Kara, good advice! I had a "party" every time one of the kids or DH walked into a room, and sometimes I would pick up Tessa and walk to them so we could all have a party together. It helped and now she has her own party with no help from me


----------



## mom23girls

You guys are great! Thank you again & again & again!!!! :dance:

I spoke to Amy's previous owner last night for quite some time & she was able to give me some more insight into her past. Sorry...this is probably going to be a long one!

Amy was co-owned by two women. She was at her first home from birth until about 5 or 6 months ago. In her first home, the owner kept her crated all day while she worked (she spent 40+ hours a week in a crate) She even delivered her first litter of puppies in a crate. It was during this time that they showed her. When she moved to her second home, she delivered her 2nd litter the very next day. In her second home, she was welcomed as part of the family and had full run of the house. She had many other dog friends, but apparently the owner worked with her lot to get her to come out of her shell. She said that she had a lot of security issues. Apparently, she was starting to come around and develop her personality when we got her. This explains a lot, like why she has no idea how to play with us. Also, I guess she's fearful of losing me, so needs me in sight.

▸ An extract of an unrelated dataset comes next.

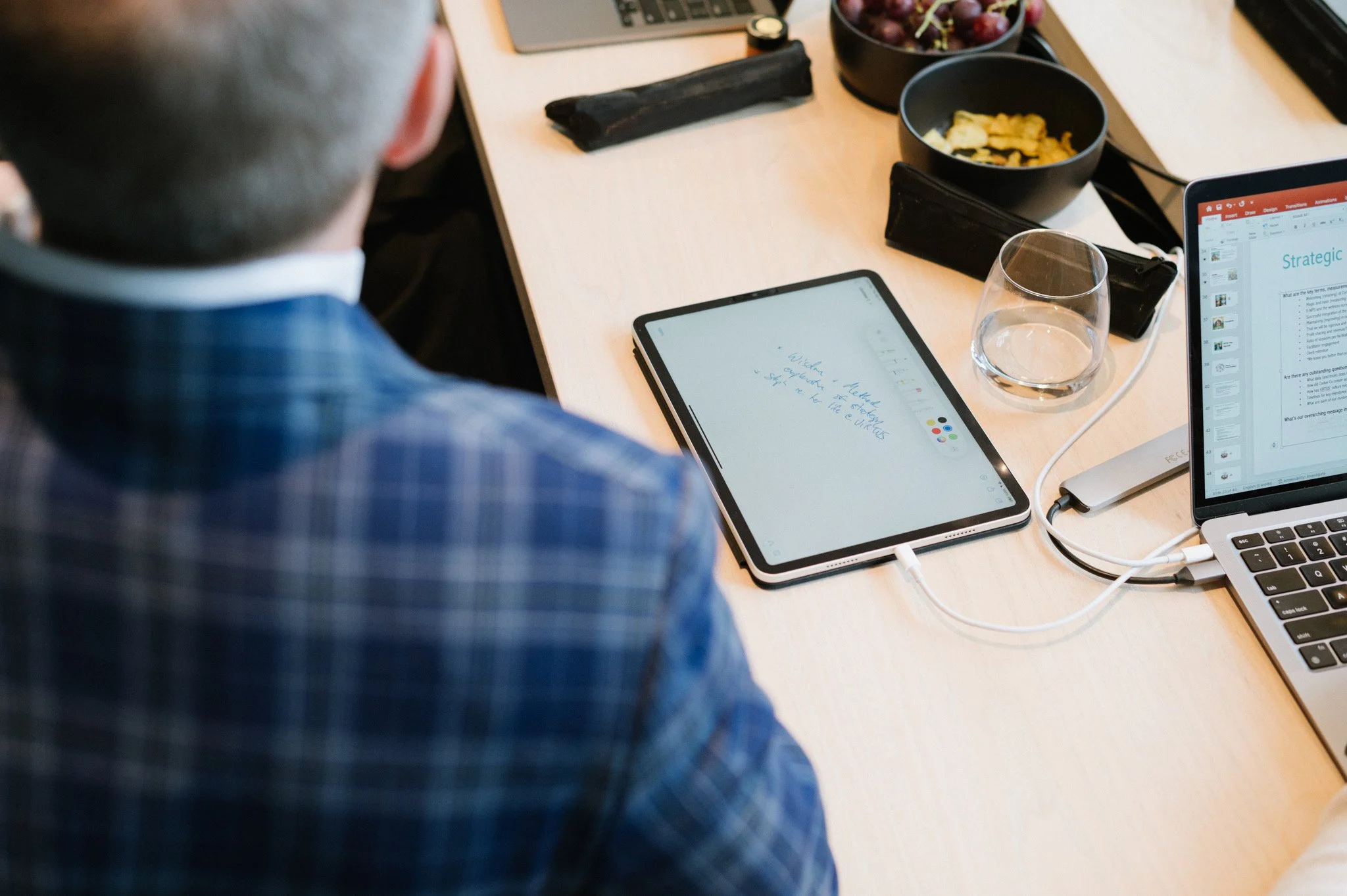 Overhead view of a person in a blue checkered shirt seated at a desk with a tablet, laptop, and various bowls of snacks, including chips and grapes, in a work setting.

I called a trainer today, it's a company called "Bark Busters". Has anyone heard of them? I guess they are a franchise. The woman was awfully nice that I spoke to. Everything she does is in-home...I like that! they have a website, http://barkbusters.com They will work with us as a family and give us strategies to help with Amy's insecurity & growling. The first consult is 3 hours, she also does obediance training in the home too and will come back as many times as needed. Once you pay them, you have follow up visits for the rest of the dog's life at no additional charge. (inital cost is $400). Do you think that's a good deal? I've never heard of them before, but she says she doesn't use treats to "bribe" them and there's nothing physical. I'm finding the going rate is about $95 and hour for in home consultsations and about $100 per session for classes.

Thanks for reading if you made it this far!!


----------



## mckennasedona

Jen, I'm so glad you were able to get some more information on Amy's past. It's terribly sad that she spent 40+ hours per week in a crate. As a show dog that means she was probably "working" (showing) on weekends. When was she allowed to just be a dog? Her second home sounds like it was a good one though. You certainly have some issues to deal with. It makes it easier I bet, knowing what she's been through. 
I don't know anything about Bark Busters but if you get a good feeling about it and they use praise and affection to train, it might be the perfect solution for you. It's good that they will work with your whole family too. 
I wish you the best and I hope the training will help Amy adjust, learn to trust and learn that she's finally in her forever home so it's okay to let her real personality shine through.


----------



## JanB

Jen, how sad for poor Amy. I guess I always assumed a show dog led a pretty pampered life. How lucky she is to have found you as her new family.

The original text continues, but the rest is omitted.